Coke marketer Leonardo O’Grady on mobile, social media and brands that try to save the world

Leonard O'GradyLeonardo O’Grady is the integrated marketing and comms director of Coca-Cola in Southeast Asia.

In this interview, he talks to Mumbrella Asia editor Robin Hicks about why mobile matters, why ad agencies are struggling with social media and how to unravel a genuine consumer insight.

You’ve made a number of presentations about the importance of mobile for Coke. But the reality is that you’re still a TV marketer who spends about five per cent of your budget – if that – on mobile. Are you just saying the right things at digital conferences?

Firstly, there are two sides to mobile. There is mobile media, and how we gain permission to advertise to people and create content for them – whether that’s a game or an app. We’re not doing a lot of that, except in Japan and Korea. In markets where we have loyal consumers, we use mobile media to keep that close relationship going.

The other side of mobile is using it to communicate more broadly. Take our Hug Machine activation. Was that a mobile idea? Content was captured on mobiles that was shared, but the medium was not used as an ad platform.

Should mobile be part of the bread and butter marketing mix? Marketers have to make a choice, and that choice usually defaults to what is proven to work. But for any big campaign now, mobile is present in one form or another, either as a mechanism or a standalone platform.

So what is Coke’s position on best how to use mobile?

We’re trying very hard to move away from time-based, traditional campaigns. We want to create programmes that unfold in chapters. Campaigns come and go, but a programme is organic and ongoing. We want communications that feed into one another, and content that has a liquidity to it. We want content so interesting and compelling that people want to share it, and the mechanism that does this better than anything else is mobile.

Are agencies struggling to keep up with the way social media is changing marketing?

I’m not blaming agencies. We can be just as bad at embracing change. A lot of agencies do understand social, and we get a lot of interesting proposals from them. Often the issue is a reluctance to commit to a program because of business planning and review obstacles.

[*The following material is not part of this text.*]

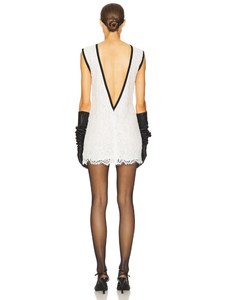 Robe mini en dentelle blanche sans manches pour femmes, respirante, design en A, col carré, coupe ajustée, dos nu sexy - Product Image 3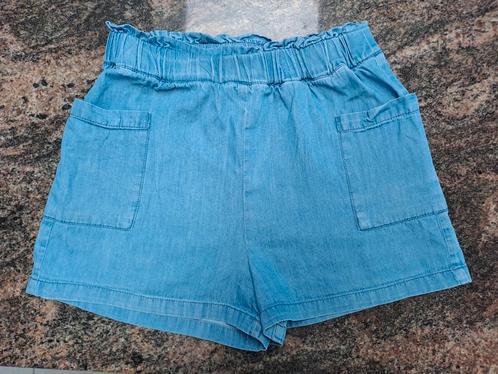 Short en jean taille 146 avec ceinture extensible, Enfants & Bébés, Vêtements enfant | Taille 146, Comme neuf, Fille, Pantalon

We need to work closer with agencies on how to evaluate the success of a program and then evolve it. The question is how content should be different when creating it with social media in mind, and how you manage it, rally behind it, and respond to it.

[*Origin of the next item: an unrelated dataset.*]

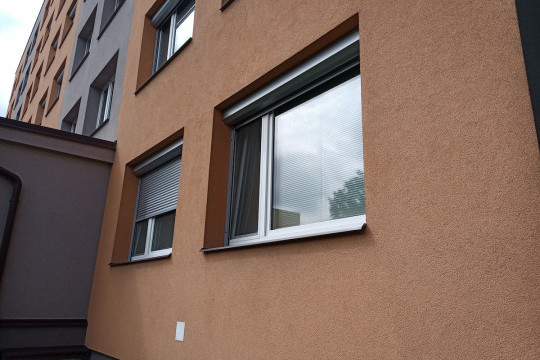 Detail předokenní rolety s horní hliníkovou schránkou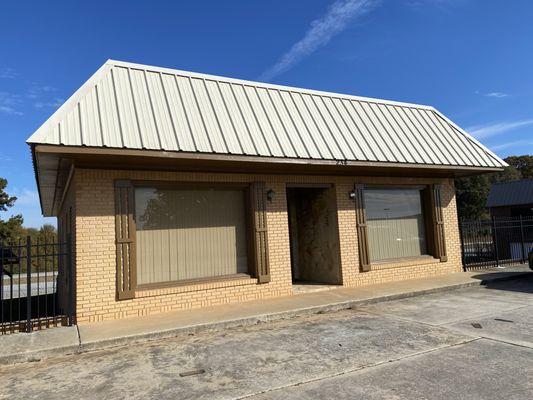 Preferred Financial Associates building.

Building long term programs, with many chapters to an ongoing story, is something agencies are comfortable with. But they’re not comfortable with social media. The challenge is how do you steward consumer empowerment when you have short-term business objectives to meet. Agencies haven’t cracked it. And we haven’t either.

Not all content is created equal in social media, and agencies are having trouble adjusting to this. They might make a massive production that works brilliantly on TV and wins awards. But it’s naïve to believe that it will work in social media, which tends to be more DIY, more personable, more my mate next door.

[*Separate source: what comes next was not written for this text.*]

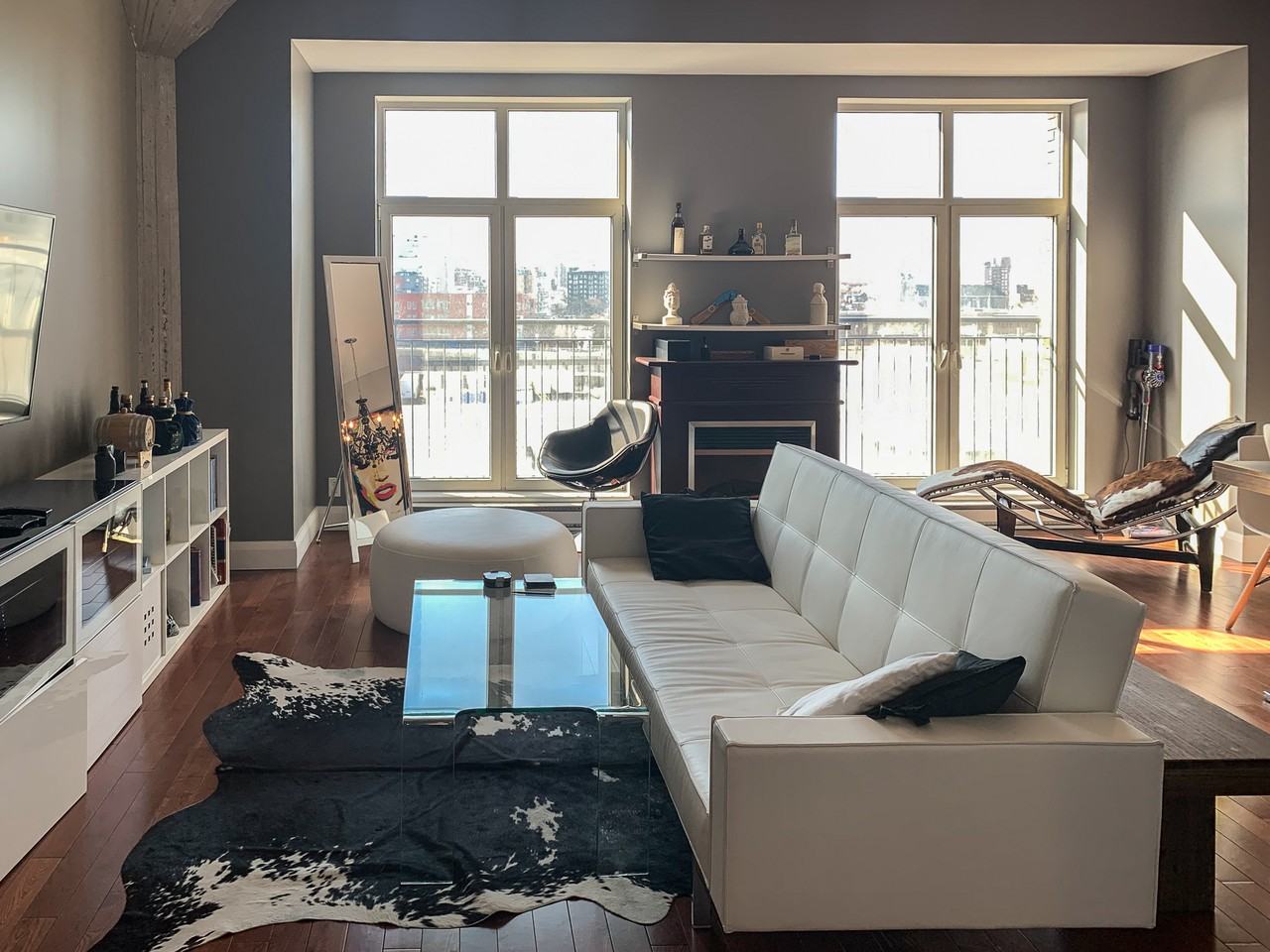 1000 Rue de la Commune Est #727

P&G’s top Asia marketer said recently that industry hubris was getting in the way of uncovering genuine consumers insight. Do you agree?

I think the industry is quite good at uncovering insights, but whether or not they are business changing is another matter.

Often we are not given insights, rather trends or observations. Such as: ‘teens are struggling with the need to be individual’. Well, tell me something I don’t know.

What’s interesting is the sociological lens you can put over an observation. You can say, ok, at one point success was everything for teens in Asia. But today, it’s less about destination and more about the journey.

The idea for Share a Can came from a genuine insight in retail – there are a lot of teens who cannot afford everything they want in their break. They can either have a chocolate bar or a can of Coke – but not both.

I like the idea behind Small World Machines. But does Coca-Cola seriously think it can ease the deep-seated tensions between India and Pakistan with a vending machine and a free can of Coke?

The brand idea is be an antidote to modern day woes, and make a commitment to ‘open happiness’. We don’t think we can solve the world’s problems, but the brand does believe that small gestures can inspire individuals.

We took on bullying in the Philippines, but the idea wasn’t about eliminating the problem. We created one day a year when people are not labelled, where bullied people didn’t suffer, and in doing so created a window for what is possible.

The same for The OFW Project in the Philippines. We’re not going to try to solve those problems, but it created worldwide empathy and pushed the limits of the brand.